Coming up with a systematic way to paraphrase sentences involving some wacky new term W in biology, sociology, psychology, or art criticism, into sentences that are just a logical product of claims about sets, mereological sums of other more commonplace objects, and preserves all our intuitive reasoning about W, is useful in three ways.
a) New Applications for Old Knowledge: Getting a method of paraphrase lets us bring our logical/set theoretic/substantive knowledge about the terms used in the analysis to bear on the new term in question. If the facts about the Ws parallel the facts about sets of such and such kind, set theory may have interesting implications for facts about the Ws.
b) Avoiding Adding Terms Which are "Incoherent" or "Have False Presuppositions": Getting a method of paraphrase may let us prove the consistency and conservativity of reasoning about the wacky new entities. For example if you analyze 'x is bachelor' as 'x is unmarried & x is a man', and then only accept informal reasoning about bachelors that can be reconstructed using this analysis, then it is clear that adding the term 'bachelor' and doing this informal reasoning will not allow you to derive contradiction, or any other new consequences. So, adding informal reasoning about bachelors will do no harm. Here the proof theory (any proof of P which uses the term "bachelor" could be turned into one that doesn't) is so obvious that it's easy not to notice. But the mathematical issues involved in showing consistency and/or conservativity of adopting some term (together with analytic feeling reasoning that goes with that term) can become more interesting when conceptual analysis only provides an *implicit* or recursive definition of the term.
This is valuable, to the extent that you are worried a purported new concept may be 'incoherent' (in the sense that intuitive, analytic feeling reasoning about it literally lets you prove contradiction) or may have bad 'presuppositions' (in the sense that that intuitive, analytic feeling, reasoning using the term allows one to derive new propositions not using that term, which are false)
c) Teaching: Obviously getting a method for paraphrase sentences involving new terminology in terms of old terminology provides a way of teaching the new terminology to people who already understand the old terminology.

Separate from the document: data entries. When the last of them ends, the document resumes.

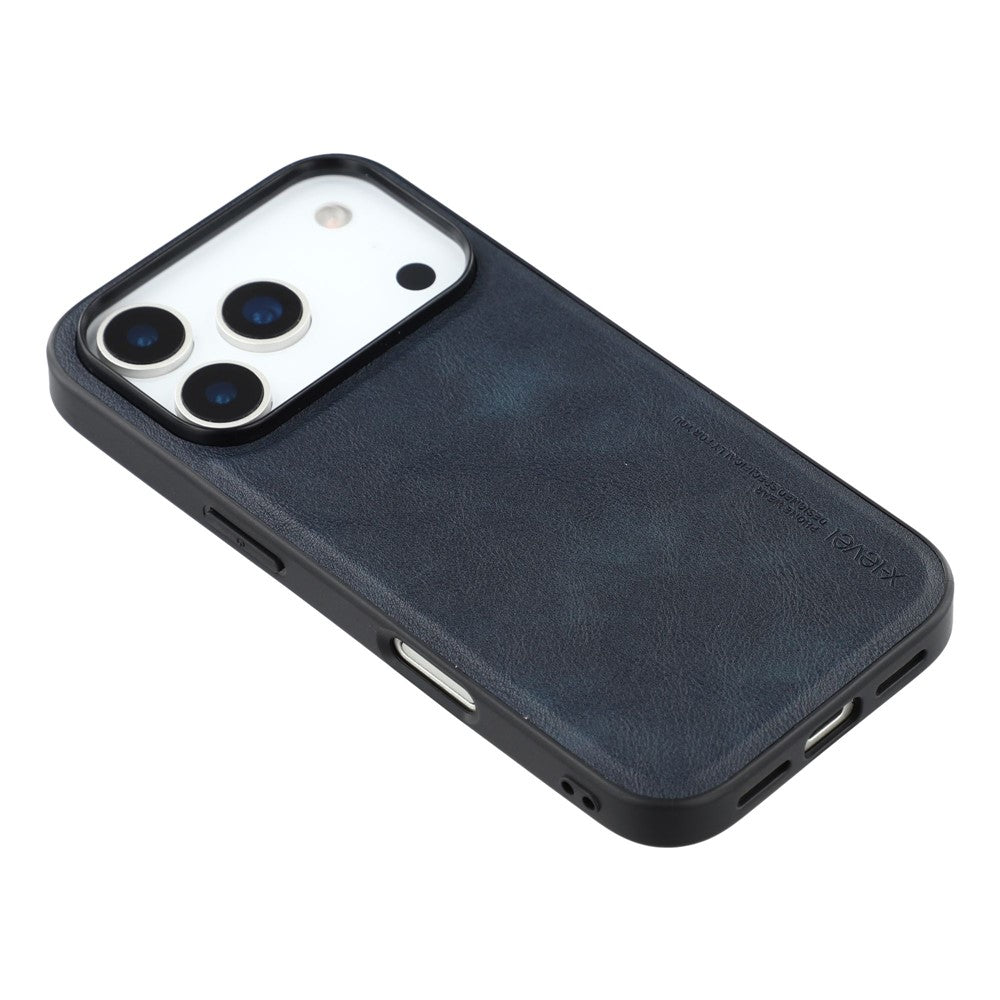 X-LEVEL Bojue-3 Series For iPhone 17 Pro Max Case Leather Coated PC + TPU Phone Back Cover - Blue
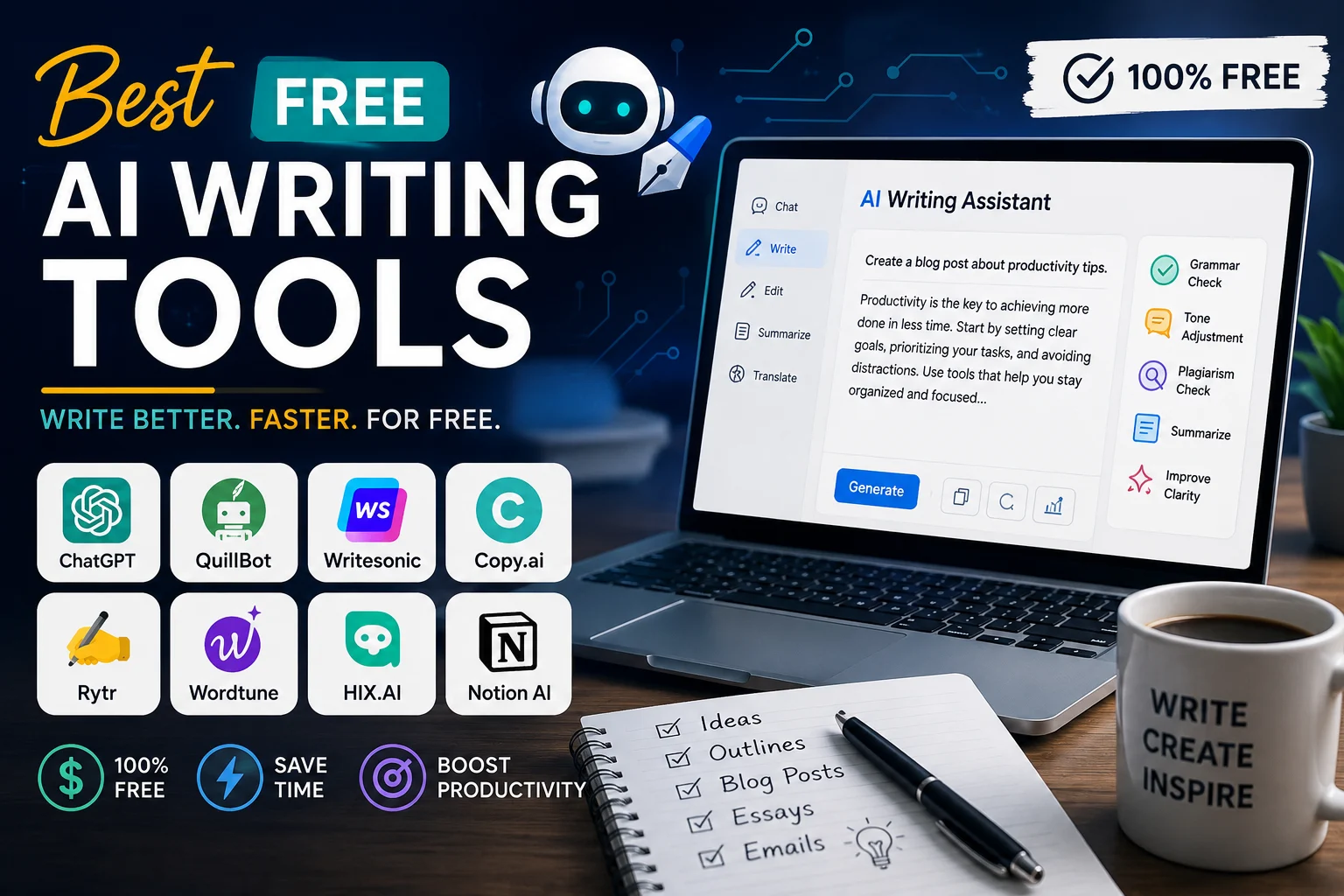 Best free AI writing tools for content creation and editing in 2026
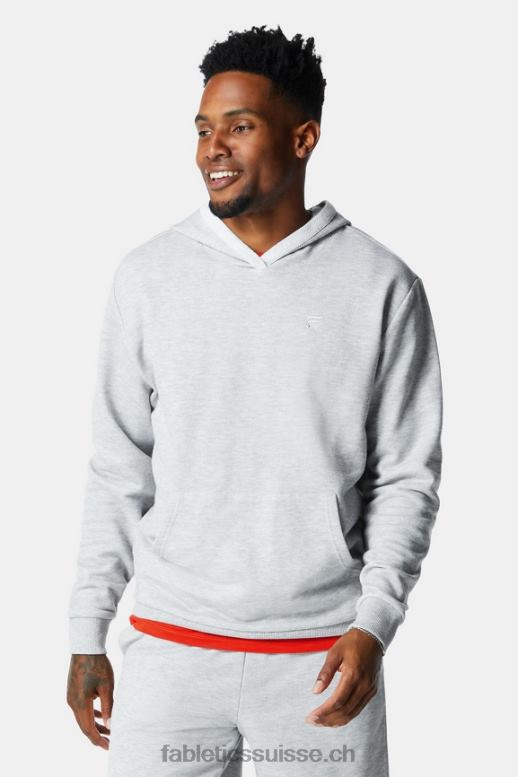 Hommes le sweat à capuche léger incontournable B0B6R3657 gris clair chiné Fabletics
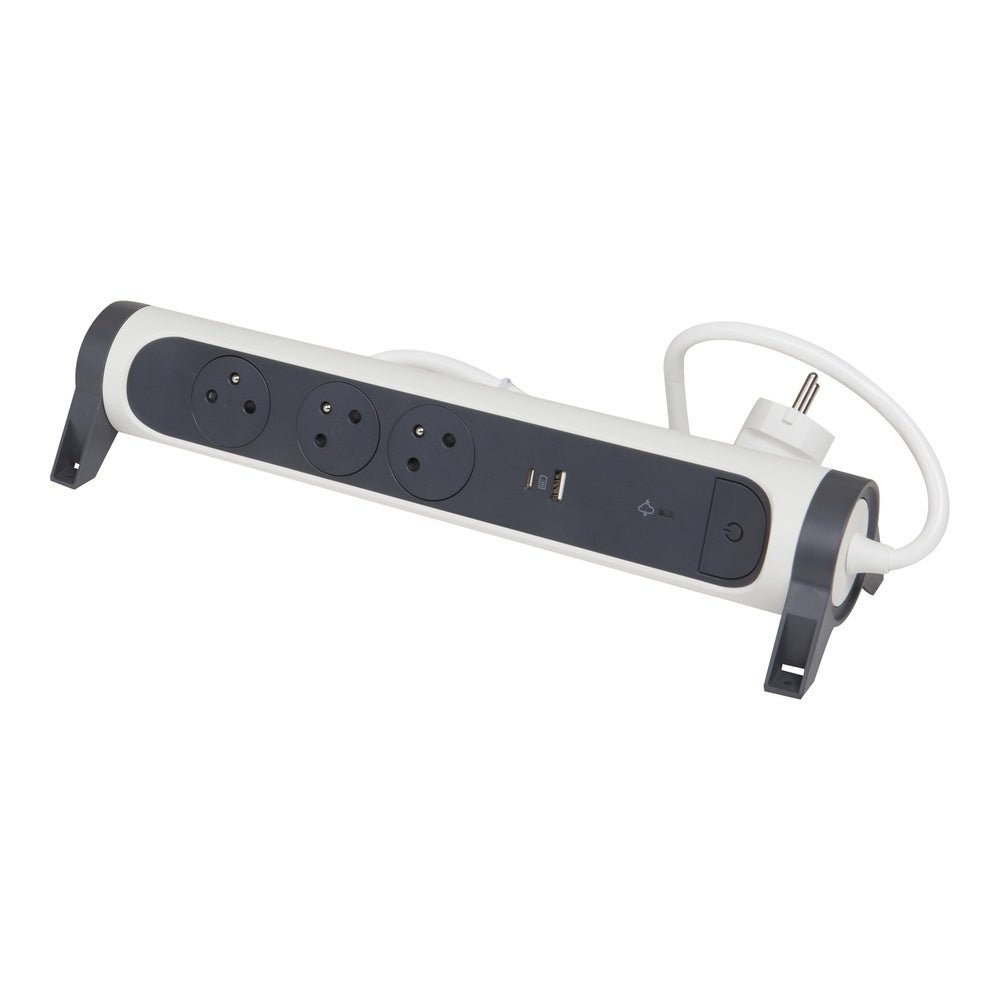 Legrand Premium USB A+C OSB 3x2P With Earth 1.5m Black White - 049416 [5 Pieces]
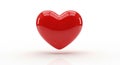 A glossy red heart shape floating on a white background with subtle shadow and reflection Royalty Free Stock Photo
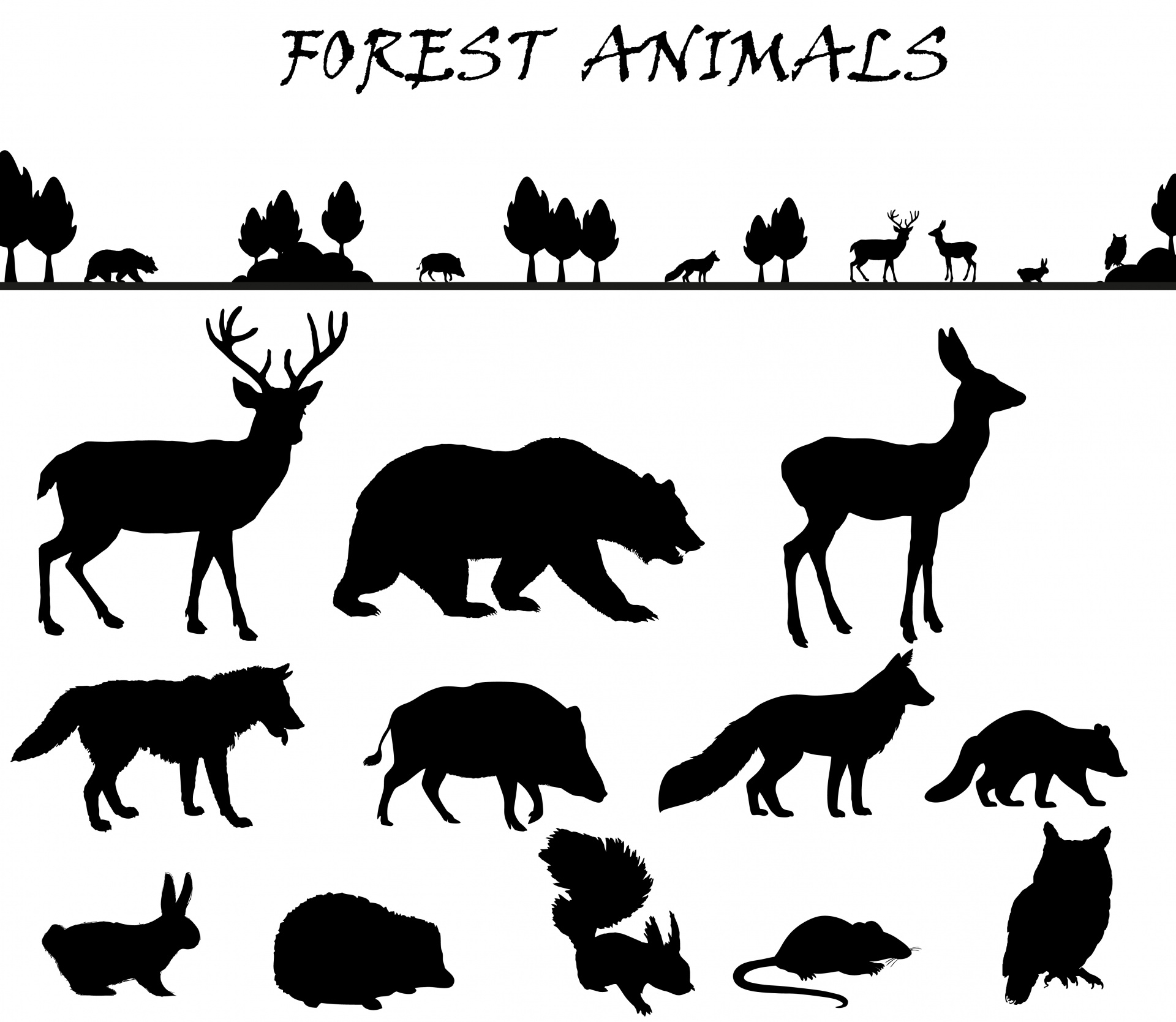 Forest Animals Silhouette Set Free Stock Photo Public Domain Pictures
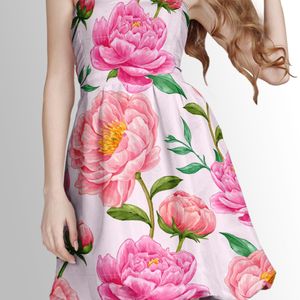 خرید اینترنتی پارچه لباسی طرح دار پارچه الف مدل کرپ بوگاتی طرح گلدار کد 4011554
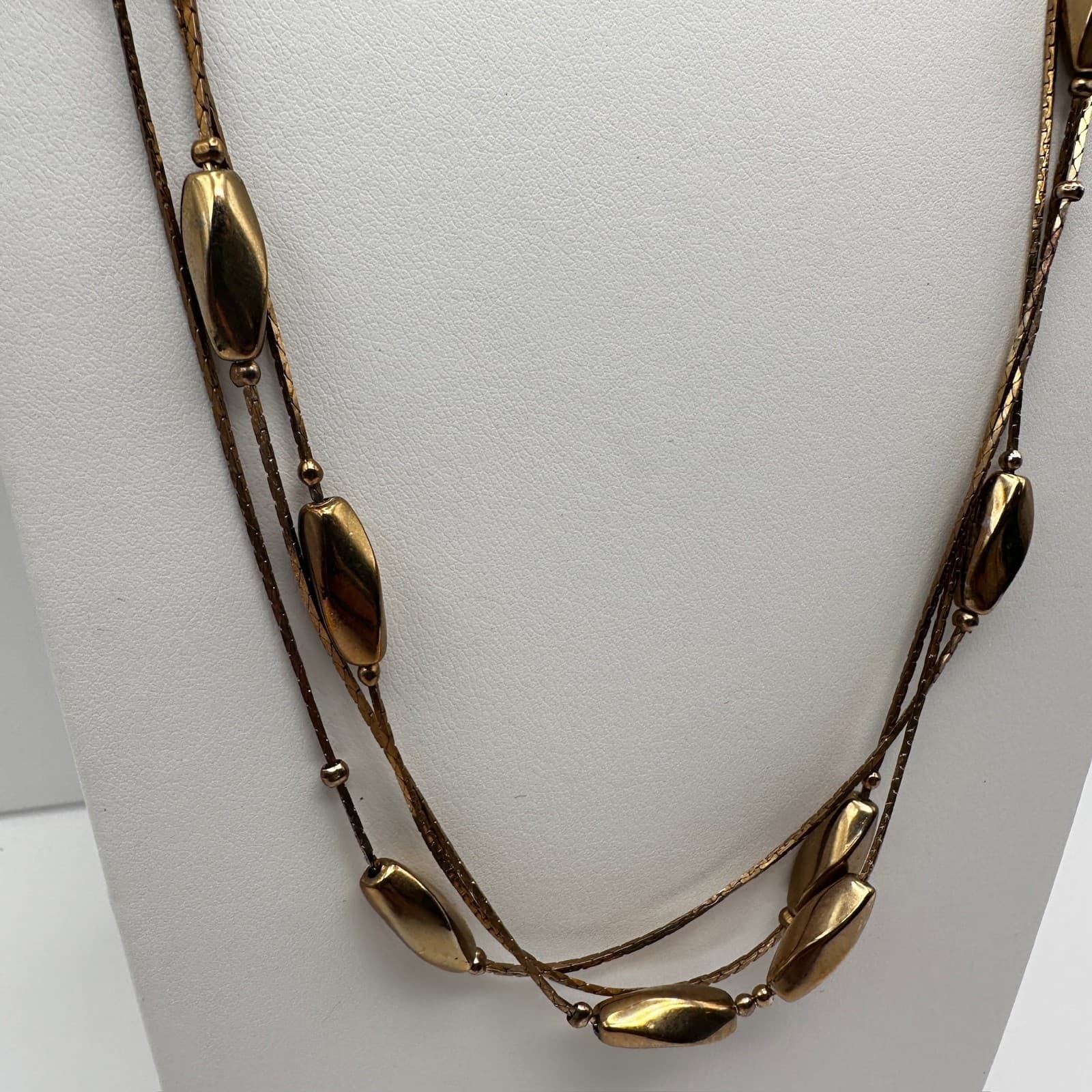 Vintage 90s Gold Tone Multi Strand Snake Chain Necklace Geometric Beads Jewelry - Thumbnail 3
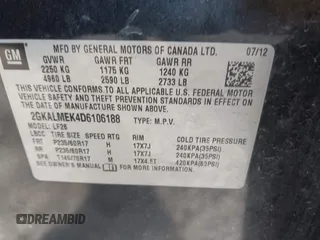 2013 GMC Terrain SLE with VIN 2GKALMEK4D6106188, listed as a IAAI auction lot 41692855 with 109,043 mi miles. Bid and sale history available at carsss.com. Image 9.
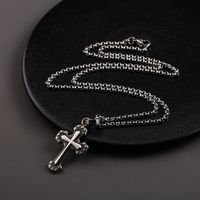 Casual Hip-Hop Cool Style Cross 304 Stainless Steel Polishing Enamel Three-dimensional Unisex Pendant Necklace Necklace main image 6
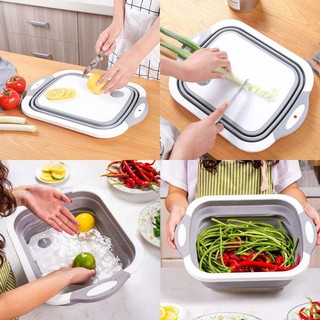 Thớt Kèm Chậu Rổ Gấp Gọn Đa Năng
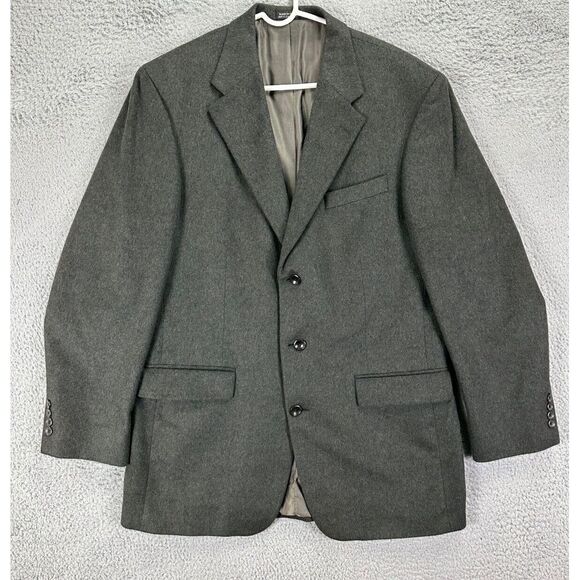 Oscar‎ De La Renta Blazer Mens 42L Olive Green Wool Cashmere Nylon Blend Tuxedo - Picture 1 of 11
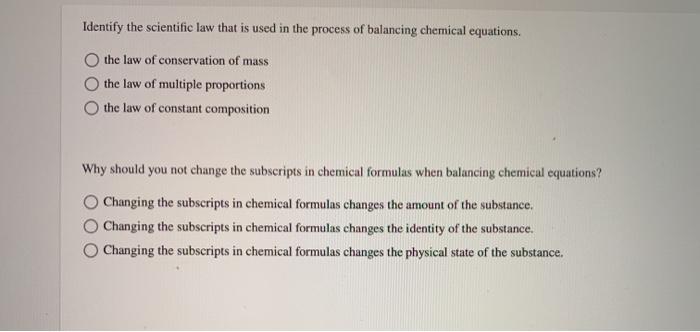 Solved Identify The Scientific Law That Is Used In The | Chegg.com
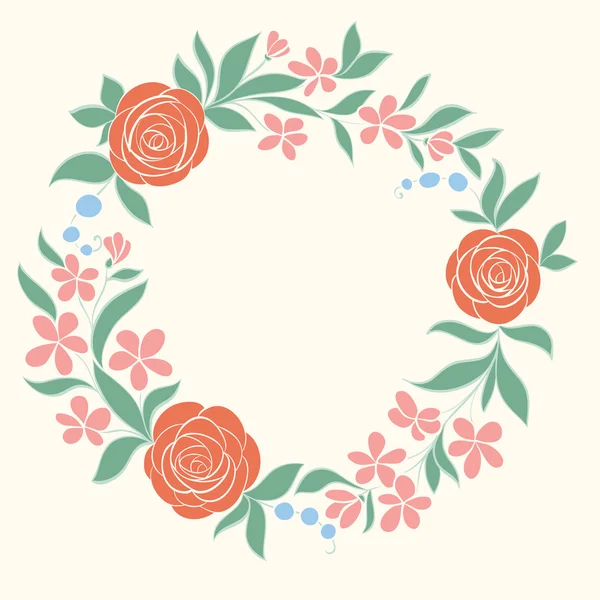 Beautiful Floral circular frame. Hand-drawn background for greeting card and invitations — Stok Vektör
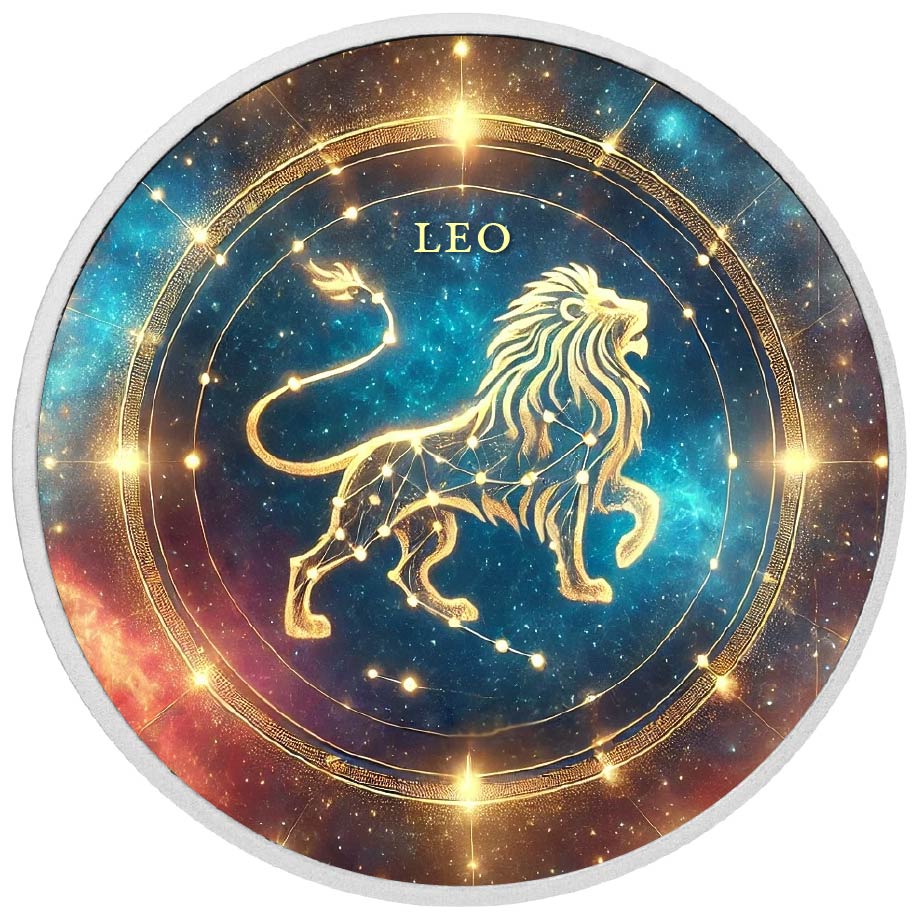 Zodiac Signs Circle - Leo 1oz Silver Coloured Coin - Arverni Mint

Note that none of these purposes require that conceptual analyses be unique. Different analyses of claims about, say, the imaginary numbers, in terms of set theory can each serve this purpose equally well. Nor do these uses for conceptual analysis require that one make any claim about the metaphysical status of the objects in question. It's useful to know you can reconstruct all intuitively acceptable reasoning about the imaginary numbers in terms of intuitively acceptable reasoning about sets, even if you don't want to claim that the imaginary numbers ARE sets or anything like that. Nor, lastly, do they require that the analyses have some kind of psychological reality - that when you are thinking about imaginary numbers you are really somehow implicitly (subconsciously?) considering one or the other paraphrase in terms of sets.
[Hidden agenda: Even if it turns out that Occam's razor doesn't apply to positing special sciences objects like livers, species, trade deficits and languages, so there's no need to look for paraphrases which would allow us to *deny* that such "extra" objects exist, finding Quinean-style parapharases will still be illuminating and useful for other reasons. So we philosophers won't be talking ourselves out of a job :). Also, to the extent that you feel like something substantial is going on when one looks for Quinean methods of paraphrase, this may be because these paraphrases illuminate the structure of our intuitive reasoning about Ws, and let us relate the W facts to facts about objects we understand better - not because there is a serious question about whether the Ws really exist.]